Sporadic AccessViolationException on iteration GetNext
See original GitHub issueUsing FASTER 2.0.22 (we cannot update to 2.1.0 right now due to NuGet dependencies).
We have a custom compaction method which scans the log as follows:
fasterKv.Log.FlushAndEvict(true);
var firstDataAddress = default(long?);
var session = GetPooledSession();
try {
var alive = 0L;
using (var iter = fasterKv.Log.Scan(fasterKv.Log.BeginAddress, fasterKv.Log.TailAddress)) {
while (iter.GetNext(out var recordInfo) && !recordInfo.Tombstone) {
var spanByteAndMemory = iter.GetKey().Deserialize().ToSpanByteAndMemory();
keyConverter.FromSpanByte(ref spanByteAndMemory, out var key);
if (!isDeleted(in key)) {
if (!firstDataAddress.HasValue) {
firstDataAddress = fasterKv.Log.TailAddress;
}
session.Upsert(ref iter.GetKey(), ref iter.GetValue());
alive++;
} else {
session.Delete(ref iter.GetKey());
}
}
}
logger.Info("{count} alive cache entries found", alive);
}
finally {
ReleasePooledSession(session);
}
fasterKv.Log.ShiftBeginAddress(Math.Min(fasterKv.Log.SafeReadOnlyAddress, Math.Max(firstDataAddress.GetValueOrDefault(), fasterKv.Log.SafeReadOnlyAddress - (maxSizeBytes - maxSizeBytes / 5))), true);
This is running concurrently to other operations on the log in a ASP.NET MVC application.
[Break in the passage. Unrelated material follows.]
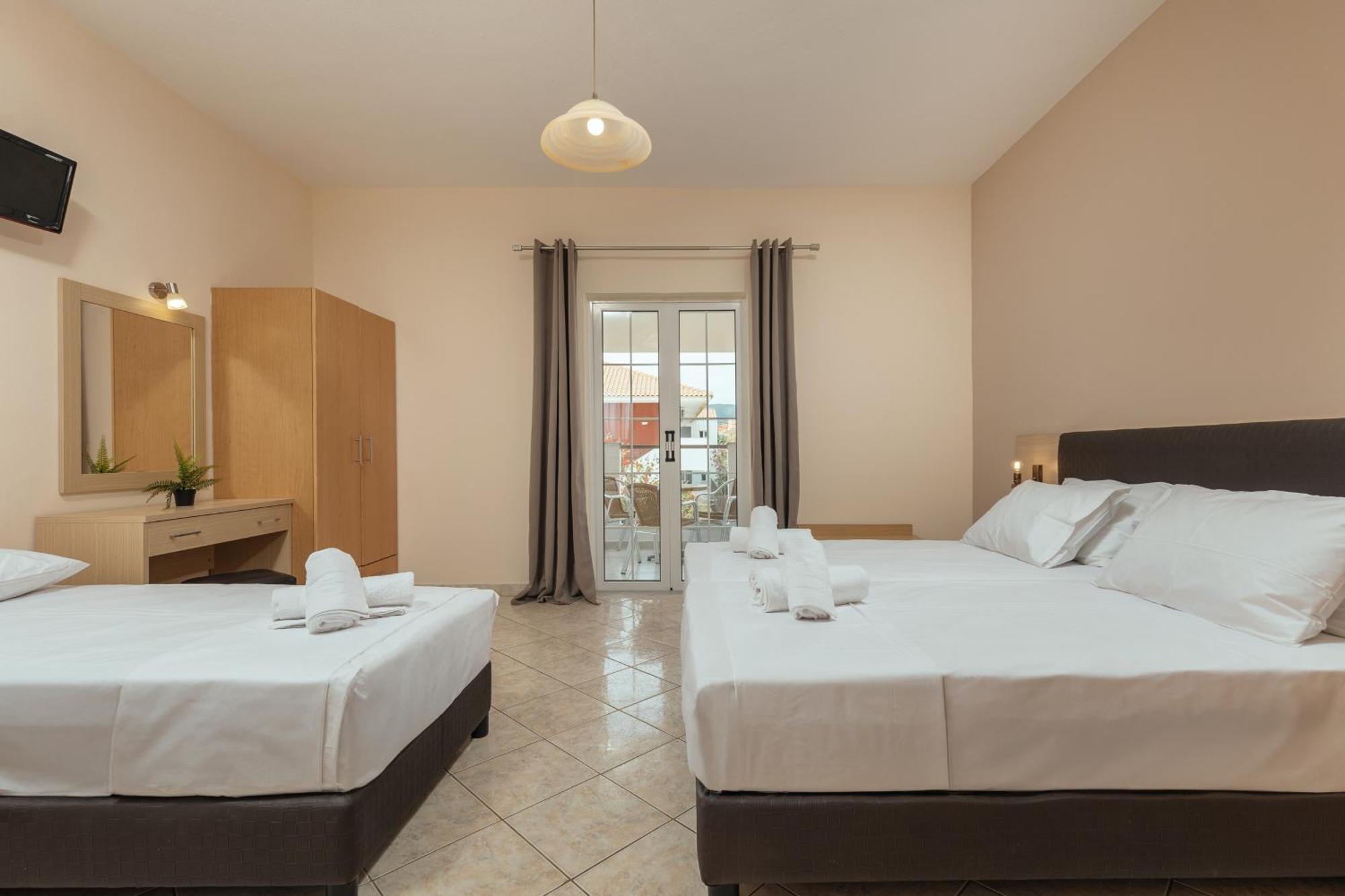 Yakinthos Hotel Laganas Dış mekan fotoğraf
On the server under load we get sporadic (but pretty frequent) AccessViolationException
in the iterator’s GetNext
:
Application: w3wp.exe
Framework Version: v4.0.30319
Description: The process was terminated due to an unhandled exception.
Exception Info: System.AccessViolationException
at FASTER.core.SpanByteVarLenStruct.GetLength(FASTER.core.SpanByte ByRef)
at FASTER.core.VariableLengthBlittableAllocator`2[[FASTER.core.SpanByte, FASTER.core, Version=1.0.0.0, Culture=neutral, PublicKeyToken=eb19722ac09e9af2],[FASTER.core.SpanByte, FASTER.core, Version=1.0.0.0, Culture=neutral, PublicKeyToken=eb19722ac09e9af2]].GetRecordSize(Int64)
at FASTER.core.VariableLengthBlittableScanIterator`2[[FASTER.core.SpanByte, FASTER.core, Version=1.0.0.0, Culture=neutral, PublicKeyToken=eb19722ac09e9af2],[FASTER.core.SpanByte, FASTER.core, Version=1.0.0.0, Culture=neutral, PublicKeyToken=eb19722ac09e9af2]].GetNext(FASTER.core.RecordInfo ByRef)
at Seram.Web.Cache.FasterCache`2[[Seram.Area.Indicators.Values.ValueCacheKey, Seram.Area.Indicators, Version=2.2790.8356.3393, Culture=neutral, PublicKeyToken=null],[System.__Canon, mscorlib, Version=4.0.0.0, Culture=neutral, PublicKeyToken=b77a5c561934e089]].Compact(Seram.Web.Cache.KeyPredicate`1<Seram.Area.Indicators.Values.ValueCacheKey>)
at Seram.Area.Indicators.CacheMaintenance+<CacheCleanupInternal>d__2.MoveNext()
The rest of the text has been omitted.